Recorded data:
____

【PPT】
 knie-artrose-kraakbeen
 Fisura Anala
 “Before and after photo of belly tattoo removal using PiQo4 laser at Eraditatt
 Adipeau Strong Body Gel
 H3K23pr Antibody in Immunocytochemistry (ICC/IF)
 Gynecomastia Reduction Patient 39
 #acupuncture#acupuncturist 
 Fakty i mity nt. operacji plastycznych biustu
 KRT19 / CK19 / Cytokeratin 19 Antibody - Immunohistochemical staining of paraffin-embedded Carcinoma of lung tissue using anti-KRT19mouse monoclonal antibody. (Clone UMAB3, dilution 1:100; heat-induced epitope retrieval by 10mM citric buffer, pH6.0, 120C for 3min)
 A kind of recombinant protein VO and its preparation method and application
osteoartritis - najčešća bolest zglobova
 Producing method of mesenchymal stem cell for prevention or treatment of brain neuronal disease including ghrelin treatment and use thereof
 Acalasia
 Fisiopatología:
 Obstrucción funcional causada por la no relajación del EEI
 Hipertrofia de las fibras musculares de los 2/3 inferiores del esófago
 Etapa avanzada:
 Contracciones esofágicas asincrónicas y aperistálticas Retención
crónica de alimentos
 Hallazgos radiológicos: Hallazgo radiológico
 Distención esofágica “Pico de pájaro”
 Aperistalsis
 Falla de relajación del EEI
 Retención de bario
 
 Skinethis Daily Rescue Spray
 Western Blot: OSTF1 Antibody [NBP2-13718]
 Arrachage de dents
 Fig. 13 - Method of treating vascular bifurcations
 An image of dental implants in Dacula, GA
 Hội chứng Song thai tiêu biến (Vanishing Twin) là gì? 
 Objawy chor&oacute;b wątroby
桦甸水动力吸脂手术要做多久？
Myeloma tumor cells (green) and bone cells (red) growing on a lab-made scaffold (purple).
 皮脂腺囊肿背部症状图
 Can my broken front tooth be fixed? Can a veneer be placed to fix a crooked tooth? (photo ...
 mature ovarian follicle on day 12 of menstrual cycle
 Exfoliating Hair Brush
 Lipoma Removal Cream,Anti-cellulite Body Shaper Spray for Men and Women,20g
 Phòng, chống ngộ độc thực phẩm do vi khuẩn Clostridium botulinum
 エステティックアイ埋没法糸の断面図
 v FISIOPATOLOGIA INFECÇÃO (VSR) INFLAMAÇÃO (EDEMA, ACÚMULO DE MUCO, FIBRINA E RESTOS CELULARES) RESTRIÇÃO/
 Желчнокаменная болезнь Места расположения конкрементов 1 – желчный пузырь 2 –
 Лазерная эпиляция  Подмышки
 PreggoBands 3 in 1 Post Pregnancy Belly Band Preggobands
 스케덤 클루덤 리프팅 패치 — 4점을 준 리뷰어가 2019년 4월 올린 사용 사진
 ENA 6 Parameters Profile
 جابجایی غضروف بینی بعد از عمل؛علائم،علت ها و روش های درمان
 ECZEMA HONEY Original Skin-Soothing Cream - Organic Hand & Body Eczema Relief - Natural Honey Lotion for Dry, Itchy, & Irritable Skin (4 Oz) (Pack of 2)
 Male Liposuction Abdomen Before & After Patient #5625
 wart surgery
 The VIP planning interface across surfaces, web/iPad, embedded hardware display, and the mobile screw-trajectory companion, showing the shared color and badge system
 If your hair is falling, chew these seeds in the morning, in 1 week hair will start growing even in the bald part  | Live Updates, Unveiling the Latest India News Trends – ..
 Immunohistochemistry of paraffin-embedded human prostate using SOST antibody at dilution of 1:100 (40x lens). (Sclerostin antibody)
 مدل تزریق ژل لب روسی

____

## Exercise brief
Lines from the top of the entries above to the line that contains "Fakty i mity" should be set down exactly, please, with both ends kept and nothing added.

## Result of this task
【PPT】
 knie-artrose-kraakbeen
 Fisura Anala
 “Before and after photo of belly tattoo removal using PiQo4 laser at Eraditatt
 Adipeau Strong Body Gel
 H3K23pr Antibody in Immunocytochemistry (ICC/IF)
 Gynecomastia Reduction Patient 39
 #acupuncture#acupuncturist 
 Fakty i mity nt. operacji plastycznych biustu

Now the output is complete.